Estas diferenças nas projeções podem ser parcialmente explicadas por diversos fatores: são feitas num cenário de políticas invariantes, ou seja, não têm em conta as medidas que o Executivo adotou no orçamento; o FMI prevê um crescimento de 0,7% em 2023 (a meta do Governo é de 1,3%) e aponta para uma taxa de inflação mais elevada 4,7% (Governo aponta para 4%). E, tal como o Fundo recorda “as surpresas ao nível da inflação estão a contribuir para a redução das dívidas e dos défices”.
Prioridade é a estabilidade macroeconómica e financeira, diz FMI
Os economistas liderados por Vítor Gaspar não fazem recomendações ou avisos específicos para Portugal, mas recordam que “num contexto de inflação elevada, dívida elevada, taxas de juro crescentes e elevada incerteza é fundamental que haja consistência entre as políticas orçamentais e monetárias”. “Na maior parte dos países isto significa manter o Orçamento numa trajetória de consolidação”, alerta Vítor Gaspar na nota introdutória do relatório.
Se, por um lado, a inflação ajuda a reduzir o défice e a dívida, por outro, se vier a transformar-se num fenómeno de base alargada e persistente, isso “acabará por se refletir nas expectativas de inflação” e os “ativos que prometem retornos nominais tornam-se menos atrativos”. Além disso, uma “inflação elevada e volátil torna o crédito mais caro e pouco fiável”.
Por isso, o FMI defende que, “os governos devem dar prioridade à estabilidade macroeconómica e financeira, acima de tudo o resto”.
Este ponto é “especialmente relevante” tendo em conta os desenvolvimentos mais recentes nos mercados obrigacionistas que demonstram uma “crescente sensibilidade à deterioração dos fundamentais das economistas”. Por exemplo, Portugal, apesar de estar numa trajetória de melhoria das contas públicas, teve de pagar mais esta quarta-feira para se financiar em mil milhões de euros, através de duas linhas obrigacionistas.
“A subida que temos assistido nas yields nacionais são um reflexo do movimento global que se verifica no mercado de dívida”, sublinhou Filipe Silva, diretor de Investimentos do Banco Carregosa, comentando o facto de, no espaço de nove meses, o custo de financiamento da República a nove anos ter mais do que triplicado.

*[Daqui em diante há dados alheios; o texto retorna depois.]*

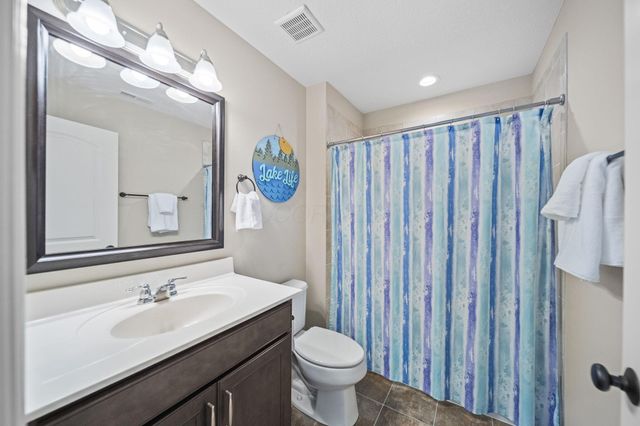 5007 Wadkins Drive, Grove City, OH 43123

O FMI defende ainda a “importância de preparar uma estratégia” para que os apoios sociais sejam “prontamente ajustáveis e mais bem direcionados” para acomodar futuros choques decorrentes da inflação elevada, da escalada dos preços da energia e dos alimentos. Criar “almofadas orçamentais nos tempos normais” permitirá os governos “responder prontamente e com flexibilidade para dar apoios aos que realmente precisam”. O Fundo, aliás, aponta o dedo ao facto de muitos países terem desenhado medidas que “não tiveram como alvo os que mais necessitavam”. Um alerta que já tinha sido feito no decorrer desta crise pelo próprio FMI e pela Comissão Europeia.